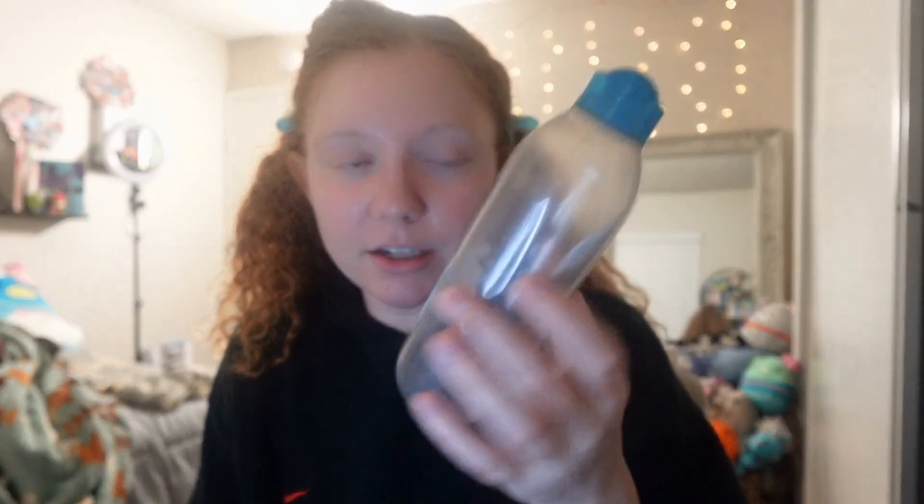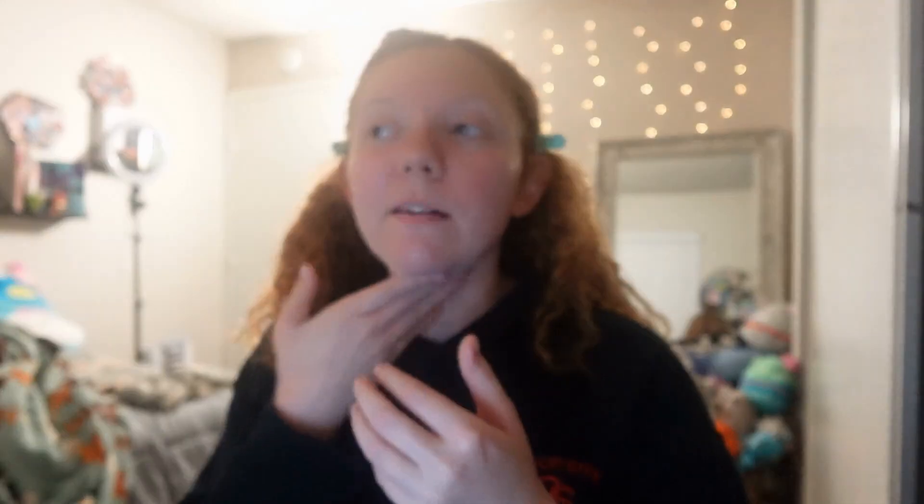I use Garnier micellar water to take my makeup off — I usually use the one with the pink bottle but I accidentally bought this one. It's a huge bottle and I bought it months ago — it's almost gone now. When I go back I'll buy a mini travel size of the pink one, because this literally lasted me months. Next I'm going in with the Kiehl's retinol skin renewing serum — my mom got this as a sample at work. Before this I was using the CeraVe retinol, which was fine. I only use retinol a couple times a week because using it every day does irritate my skin.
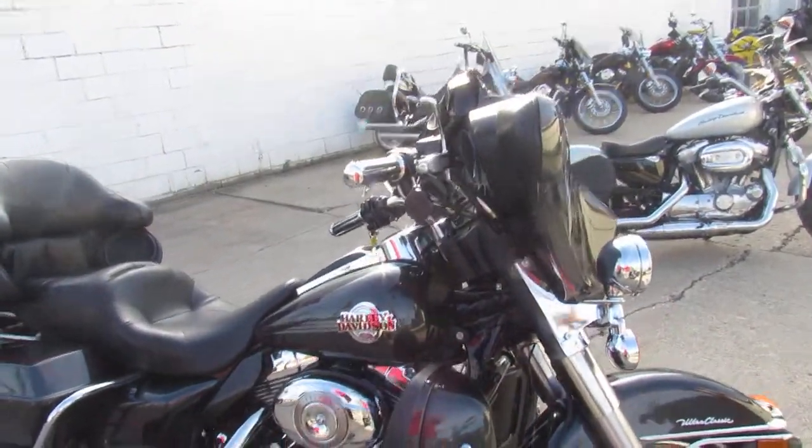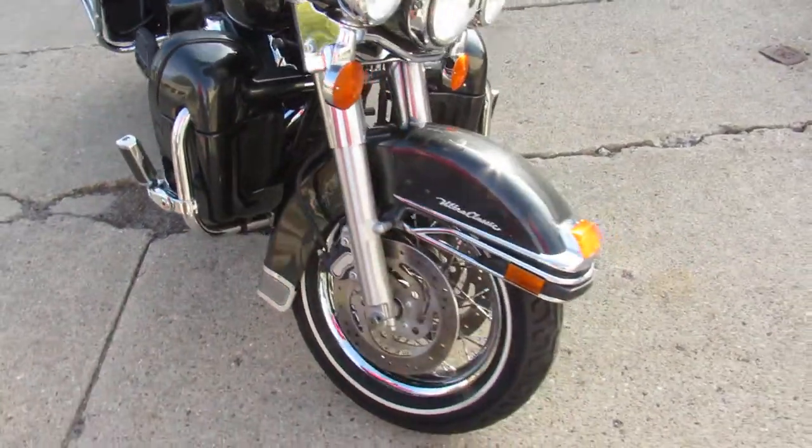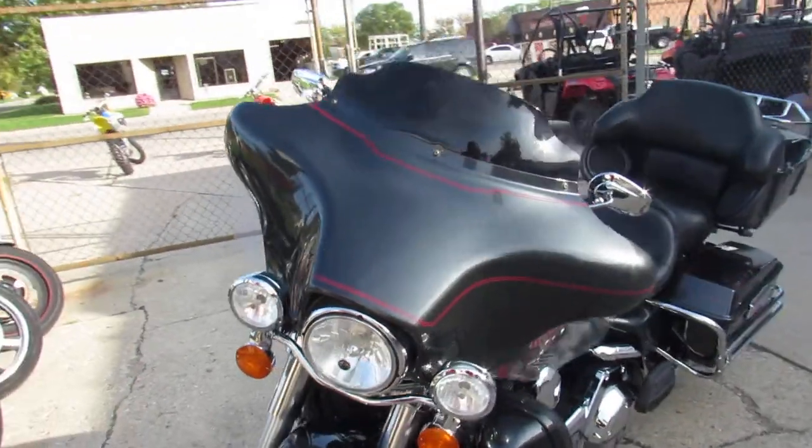Hey guys, it's ApprovalPowerSports.com here doing some videos on my Harleys Ultra Classic here. We've got over 60 to choose from. This one here, 2007, comes in the gunmetal gray.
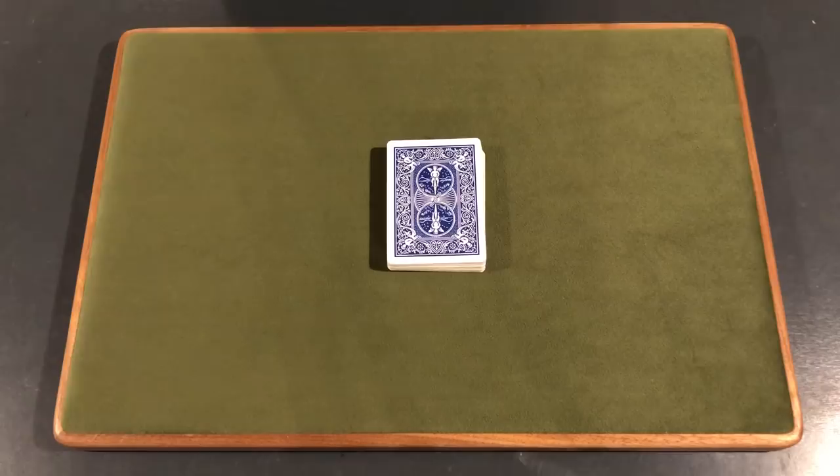Don't forget to enter the 150,000 subscriber giveaway. If you want to enter, just like the video, subscribe to the channel, comment something in the comment section, and make sure your post notifications are turned on. We're giving away 12 Monarch decks of cards, $150 of Amazon gift cards, and a signed deck by both of us here at CardShuffler99.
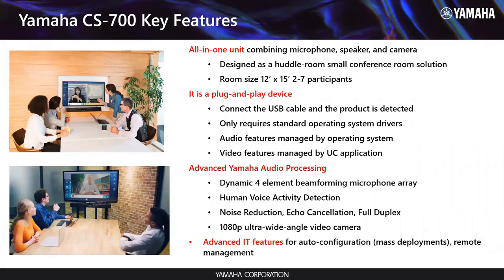It is an all-in-one system designed for huddle spaces, but we're seeing them creep into small conference rooms now with the added camera capability. It's plug-and-play, driverless USB — you plug this device in, open your software, go to your drop-down menu for your mic, speaker, and camera, and there's the CS700. Probably the biggest feature is Yamaha's four-element beamforming mic array with human voice activity detection — we are actually able to lock onto your lips as you're speaking.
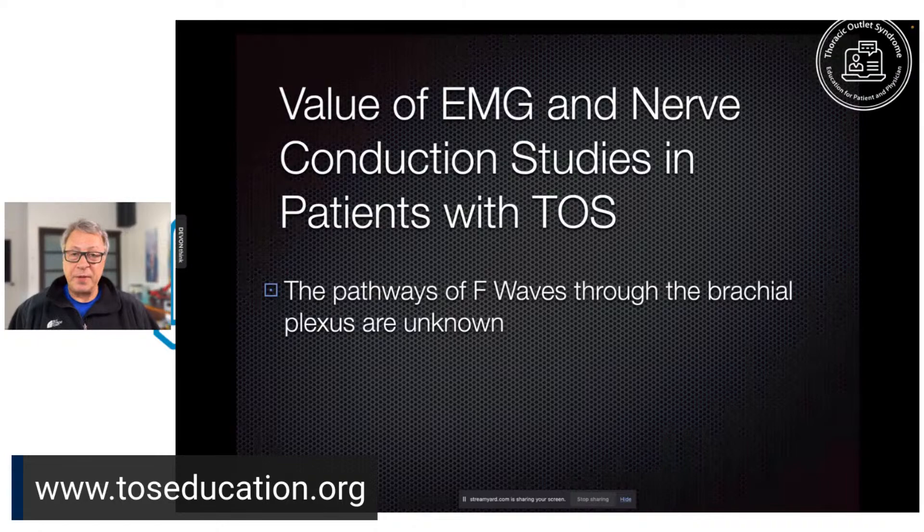For F waves in TOS, when you do an F wave it's a reflected wave that goes back toward the spinal cord and heads back down the nerves. Only 2% of the cell bodies in the spinal cord respond, and it goes through the brachial plexus — five complex roots and lots of branches — so F waves don't really help for TOS.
__________
▶ What this task involves: Copy exactly the lines running from the beginning of the listing through the line that has "It is an all-in-one". Drop the pictures.

▶ Worked solution:
I use Garnier micellar water to take my makeup off — I usually use the one with the pink bottle but I accidentally bought this one. It's a huge bottle and I bought it months ago — it's almost gone now. When I go back I'll buy a mini travel size of the pink one, because this literally lasted me months. Next I'm going in with the Kiehl's retinol skin renewing serum — my mom got this as a sample at work. Before this I was using the CeraVe retinol, which was fine. I only use retinol a couple times a week because using it every day does irritate my skin.
Hey guys, it's ApprovalPowerSports.com here doing some videos on my Harleys Ultra Classic here. We've got over 60 to choose from. This one here, 2007, comes in the gunmetal gray.
Don't forget to enter the 150,000 subscriber giveaway. If you want to enter, just like the video, subscribe to the channel, comment something in the comment section, and make sure your post notifications are turned on. We're giving away 12 Monarch decks of cards, $150 of Amazon gift cards, and a signed deck by both of us here at CardShuffler99.
It is an all-in-one system designed for huddle spaces, but we're seeing them creep into small conference rooms now with the added camera capability. It's plug-and-play, driverless USB — you plug this device in, open your software, go to your drop-down menu for your mic, speaker, and camera, and there's the CS700. Probably the biggest feature is Yamaha's four-element beamforming mic array with human voice activity detection — we are actually able to lock onto your lips as you're speaking.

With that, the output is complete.